Dass es sich bei dem Fahrzeug des Klägers um ein solches handelte, welches geleast war, ist zwar hinwiederum unstreitig. Dass in einem solchen Fall grundsätzlich bestimmte Voraussetzungen vorliegen müssen, um den Kläger (Leasingnehmer) zu berechtigen, die Wertminderung für sich selbst in eigenen Namen geltend zu machen, steht ebenfalls fest. Allerdings ergibt sich für den vorliegenden Fall die Besonderheit, dass die Beklagten sich vorgerichtlich dem Kläger gegenüber verpflichtet hatten, die geltend gemachte Wertminderung zu bezahlen. Das Abrechnungsschreiben vom 17.01. ist eindeutig. Die Beklagten haben die “berechtigten Ansprüche” grundsätzlich anerkannt, und hierzu gehörte auch die Wertminderung laut Gutachten. In dem Abrechnungsschreiben vom 17.01.2006 ist – allermindestens – ein sogenanntes deklaratorisches Schuldanerkenntnis gemäß §§ 780, 781 analog zu sehen, wenn nicht sogar ein selbstständiges Anerkenntnis gemäß §§ 780, 781 BGB. Denn die Beklagten habe, nachdem der Kläger ihnen den Schaden offengelegt hat, einen Streit über die grundsätzliche Einstandspflicht nicht begonnen bzw. dadurch beendet, dass sie die Ansprüche dem Grunde nach als berechtigt anerkannten und lediglich die Haftungsquote wegen eines angenommenen Mitverschuldens anders berechneten als es der Kläger getan hat. Soweit, wie das Anerkenntnis reicht, – und dies ist in diesem Fall die grundsätzliche Anerkennung der Verpflichtung, die Wertminderung zu übernehmen – wirkt auch ein deklaratorisches Anerkenntnis konstitutiv und ist insbesondere auch unter der Voraussetzung, dass die Beklagten später zu der Erkenntnis kommen, der anerkannte Betrag sei in Wahrheit nicht geschuldet, nicht kontizierbar.

Die Beklagten haben mithin dem Kläger den noch offenen Betrag der Wertminderung zu erstatten.

3. Mietwagenkosten:

Die Beklagten wenden zu Unrecht ein, die Mietwagenkosten seien zu hoch ausgefallen.
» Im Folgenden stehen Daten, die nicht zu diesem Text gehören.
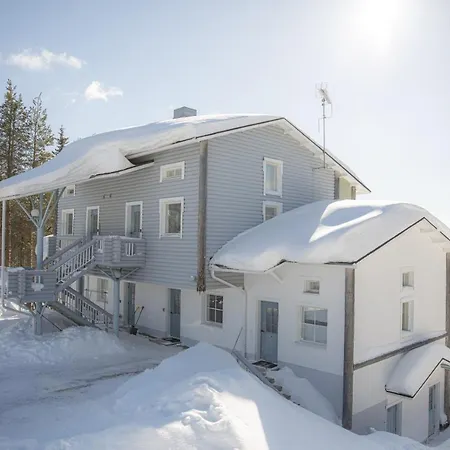 Naekoealahuoneisto Aarni & Naava Apartment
Aufgrund des Ergebnisses der Beweisaufnahme steht fest, dass, hierauf verweist der Kläger zu Recht, die Kosten des von ihm in Anspruch genommenen Wagens der Firma U-R B etwa in der Mitte der Kosten der Konkurrenzanbieter liegen und dass diese Kosten insgesamt um rund 300,– Euro differieren, d. h., das Fahrzeug der Firma U-R B war rund 200,– Euro teurer als beim preiswertesten Anbieter (K) bzw. rund 100,– Euro billiger als bei dem teuersten Anbieter (M). Dass der Kläger ein überteuertes Fahrzeug in Anspruch genommen hätte, ist somit nicht objektivierbar, auch nicht unter Berücksichtigung des Umstands, dass der Kläger bei der Firma U-R B offenbar zu einem sogenannten Unfallersatztarif mietete und im übrigen Preisvergleiche vor der Anmietung des Fahrzeugs nicht eingeholt hat. Denn zum einen ergibt sich aus dem Ergebnis der Beweisaufnahme, dass der “Normaltarif” bei der Firma U-R B dem Kläger nicht zugänglich war wegen fehlender ausreichender Geldmittel, – wobei dahinstehen kann, ob ein solcher Tarif für die Dauer, die der Kläger ein Ersatzfahrzeug schließlich benötigte, überhaupt günstiger gewesen wäre – und zum anderen kann nicht festgestellt werden, dass bei angestellten Preisvergleichen der Kläger ein wesentlich billigeres Fahrzeug hätte anmieten können. Auch insoweit streitet für den Kläger der Gedanke des sogenannten rechtmäßigen Alternativverhaltens, denn auch bei der Durchführung von Preisvergleichen ist keineswegs festzustellen, dass der Kläger auf ein preiswerteres Fahrzeug unter allen Umständen deshalb gestoßen wäre, weil die Firma U-R B die aller teuerste Firma ist.

4. Selbstbeteiligung:

Aufgrund des Ergebnisses der Beweisaufnahme steht fest, dass der Kläger die Selbstbeteiligung bei Inanspruchnahme seiner Kaskoversicherung so veranschlagt hat. Richtigerweise, dies ergibt sich aus den Angaben des Zeugen …, beträgt die Selbstbeteiligung 500,– Euro grundsätzlich, im Fall des Klägers “nur” 250,– Euro, weil der Kläger das Fahrzeug in einer Nissan-Fachwerkstatt hat reparieren lassen. Insofern waren von der Klageforderung 50,– Euro in Abzug zu bringen.

5. Unkostenpauschale:

Die Unkostenpauschale ist mit 30,– Euro nicht zu hoch angesetzt.

Aus alledem folgt, dass die Klage in überwiegenden Umfang zugesprochen werden konnte.

Die Kostenentscheidung folgt aus §§ 91 ff. ZPO, die Entscheidung über die vorläufige Vollstreckbarkeit aus §§ 708 ff. ZPO.